History

Limestone Buildings: Why Are They So Popular in the Texas Hill Country?

By  | 

Limestone was such a common material that even the Austin capitol building was originally supposed to be made of limestone, like many other buildings in the Hill Country. In 1888, however, a large enough supply of limestone for the massive building, leading to the decision to opt for granite instead.

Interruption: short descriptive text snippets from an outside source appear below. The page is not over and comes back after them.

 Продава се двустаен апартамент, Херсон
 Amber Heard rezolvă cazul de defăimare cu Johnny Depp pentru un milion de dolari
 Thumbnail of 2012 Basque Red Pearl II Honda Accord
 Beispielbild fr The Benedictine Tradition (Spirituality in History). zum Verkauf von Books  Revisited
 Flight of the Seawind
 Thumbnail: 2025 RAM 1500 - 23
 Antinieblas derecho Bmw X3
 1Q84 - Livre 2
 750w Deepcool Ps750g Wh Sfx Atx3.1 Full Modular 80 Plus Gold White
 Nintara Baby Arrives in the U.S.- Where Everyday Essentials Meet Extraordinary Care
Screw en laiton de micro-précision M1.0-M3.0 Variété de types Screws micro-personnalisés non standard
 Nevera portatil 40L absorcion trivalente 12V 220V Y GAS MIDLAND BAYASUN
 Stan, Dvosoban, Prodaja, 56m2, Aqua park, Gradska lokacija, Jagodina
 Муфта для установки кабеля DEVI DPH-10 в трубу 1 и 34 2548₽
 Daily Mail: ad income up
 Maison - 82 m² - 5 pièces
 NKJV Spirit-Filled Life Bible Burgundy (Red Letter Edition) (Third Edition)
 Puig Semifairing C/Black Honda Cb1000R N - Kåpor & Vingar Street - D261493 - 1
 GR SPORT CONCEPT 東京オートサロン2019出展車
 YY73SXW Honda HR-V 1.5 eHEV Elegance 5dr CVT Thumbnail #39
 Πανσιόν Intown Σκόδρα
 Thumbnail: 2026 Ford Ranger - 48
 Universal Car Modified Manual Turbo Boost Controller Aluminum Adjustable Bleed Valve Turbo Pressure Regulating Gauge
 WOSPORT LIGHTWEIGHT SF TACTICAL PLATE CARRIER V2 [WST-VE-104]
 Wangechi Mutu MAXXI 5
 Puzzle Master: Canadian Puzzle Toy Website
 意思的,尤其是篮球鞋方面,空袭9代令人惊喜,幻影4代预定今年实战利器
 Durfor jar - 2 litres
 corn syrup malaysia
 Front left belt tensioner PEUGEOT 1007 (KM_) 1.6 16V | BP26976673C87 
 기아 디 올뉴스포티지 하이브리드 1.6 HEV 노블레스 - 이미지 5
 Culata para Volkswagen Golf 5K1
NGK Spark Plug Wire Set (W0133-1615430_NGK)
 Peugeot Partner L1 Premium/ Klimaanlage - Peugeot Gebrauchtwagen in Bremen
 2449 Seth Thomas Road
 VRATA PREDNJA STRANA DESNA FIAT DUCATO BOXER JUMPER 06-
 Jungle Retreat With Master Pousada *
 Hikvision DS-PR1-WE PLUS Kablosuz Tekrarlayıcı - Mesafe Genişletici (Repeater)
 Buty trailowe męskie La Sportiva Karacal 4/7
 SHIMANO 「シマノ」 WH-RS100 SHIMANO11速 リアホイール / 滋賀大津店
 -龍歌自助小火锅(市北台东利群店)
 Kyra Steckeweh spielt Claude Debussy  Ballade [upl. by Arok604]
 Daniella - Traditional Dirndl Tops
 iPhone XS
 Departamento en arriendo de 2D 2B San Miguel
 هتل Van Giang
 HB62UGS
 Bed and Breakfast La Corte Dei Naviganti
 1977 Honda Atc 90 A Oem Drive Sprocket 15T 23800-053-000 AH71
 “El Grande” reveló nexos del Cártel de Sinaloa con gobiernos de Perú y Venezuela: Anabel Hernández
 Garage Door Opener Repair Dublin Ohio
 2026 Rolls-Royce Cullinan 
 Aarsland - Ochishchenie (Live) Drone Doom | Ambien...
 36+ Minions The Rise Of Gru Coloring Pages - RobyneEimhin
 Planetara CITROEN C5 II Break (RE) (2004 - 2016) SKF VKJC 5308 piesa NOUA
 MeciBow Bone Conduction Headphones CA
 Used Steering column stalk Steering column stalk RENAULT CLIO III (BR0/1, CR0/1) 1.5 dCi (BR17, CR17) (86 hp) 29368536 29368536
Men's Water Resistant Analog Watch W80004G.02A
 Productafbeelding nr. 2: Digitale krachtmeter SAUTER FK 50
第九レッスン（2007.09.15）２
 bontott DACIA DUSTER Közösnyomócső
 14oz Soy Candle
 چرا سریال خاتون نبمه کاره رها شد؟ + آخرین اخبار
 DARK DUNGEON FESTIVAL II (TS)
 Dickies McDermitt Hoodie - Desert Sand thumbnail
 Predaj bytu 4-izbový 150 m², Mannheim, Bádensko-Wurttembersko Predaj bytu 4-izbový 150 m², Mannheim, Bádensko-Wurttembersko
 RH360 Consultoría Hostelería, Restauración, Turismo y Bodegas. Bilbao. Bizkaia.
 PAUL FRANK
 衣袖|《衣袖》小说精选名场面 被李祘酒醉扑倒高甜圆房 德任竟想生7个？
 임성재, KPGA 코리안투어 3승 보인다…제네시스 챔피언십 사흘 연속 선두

How Limestone Got From Quarries to Buildings

Limestone quarry west of Austin in 1880

Photo: Wikimedia Commons

Limestone’s journey from quarries to buildings is interesting, and it explains some of the features you see in limestone buildings. For buildings constructed in the 1800s, power tools did not exist, so they had to get creative with their stone cutting techniques. Luckily, limestone is relatively soft compared to other stones and cuts more easily. To get the limestone out of the ground and into precise blocks, the quarry workers would drill holes large enough to fit poles made of local cedar or cypress. After dousing the wood with water, the wood would gently expand and predictably split the stone. Workers also added holes to the sides of the limestone blocks to accommodate tongs, which would grip the block, allowing it to be lifted or moved with ease. These drilled and chipped holes remained in the limestone even after it was used in the building, and you may see some of them if you look closely at limestone buildings around the Hill Country. To get the stone from the quarry to the construction site, workers would load it onto wagons, which transported the material to its final destination. Using a locally available stone made this journey faster and reduced overall costs.